**WHAT YOU HAVE TO DO:** Your answer should hold only the lines from the start of the data below through the line with "Conjunto de iconos", copied exactly, with pictures left out.

**INFORMATION SHOWN:**
⟨

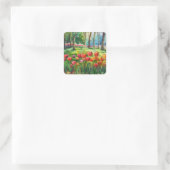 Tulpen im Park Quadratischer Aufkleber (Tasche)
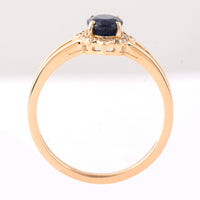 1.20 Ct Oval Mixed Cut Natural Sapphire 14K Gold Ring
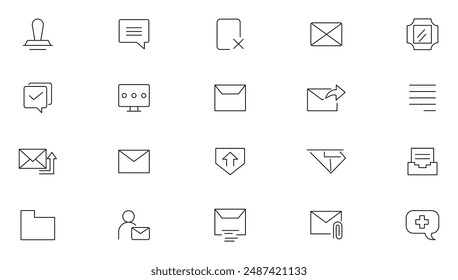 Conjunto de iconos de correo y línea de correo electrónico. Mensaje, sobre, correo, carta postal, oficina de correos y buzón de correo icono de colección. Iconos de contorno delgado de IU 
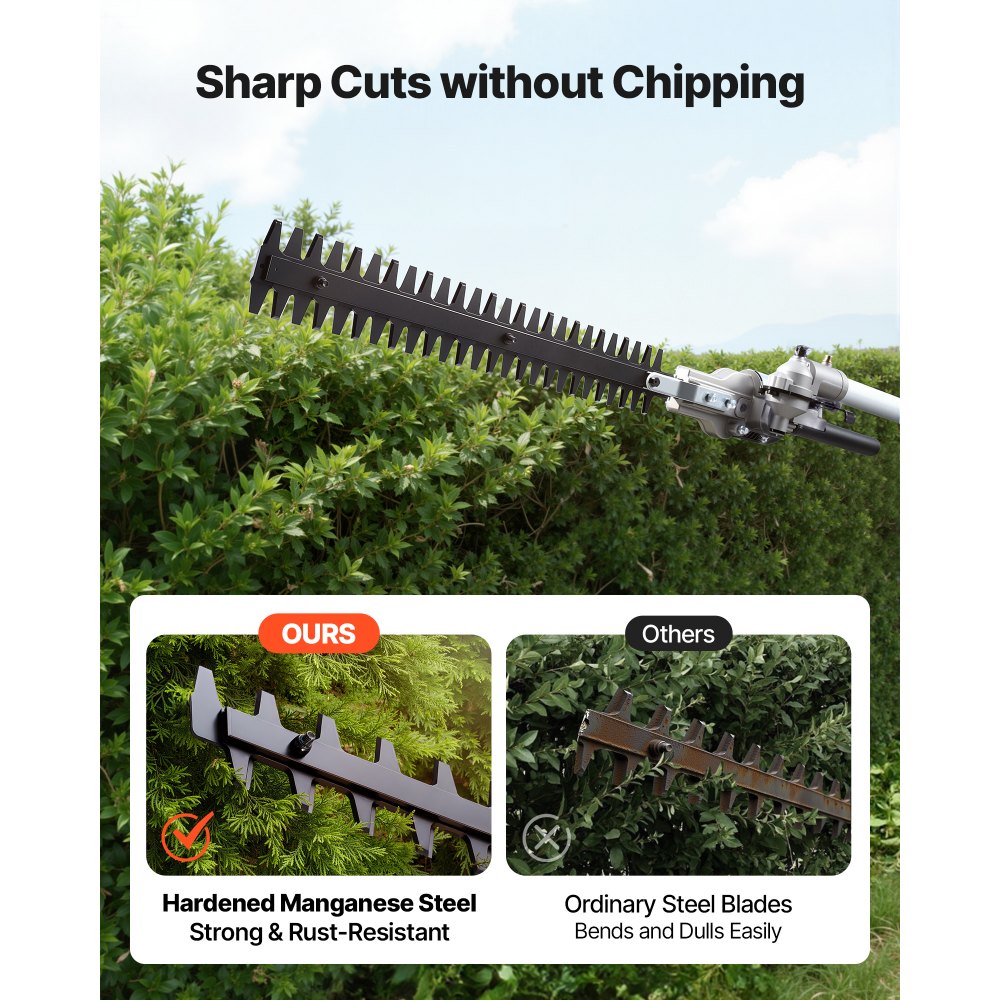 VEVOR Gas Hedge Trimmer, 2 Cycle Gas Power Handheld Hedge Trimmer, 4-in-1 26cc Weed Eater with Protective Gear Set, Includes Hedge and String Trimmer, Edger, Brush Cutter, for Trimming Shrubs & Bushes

⟩

**RESULT:**
 Tulpen im Park Quadratischer Aufkleber (Tasche)
 1.20 Ct Oval Mixed Cut Natural Sapphire 14K Gold Ring
 Conjunto de iconos de correo y línea de correo electrónico. Mensaje, sobre, correo, carta postal, oficina de correos y buzón de correo icono de colección. Iconos de contorno delgado de IU 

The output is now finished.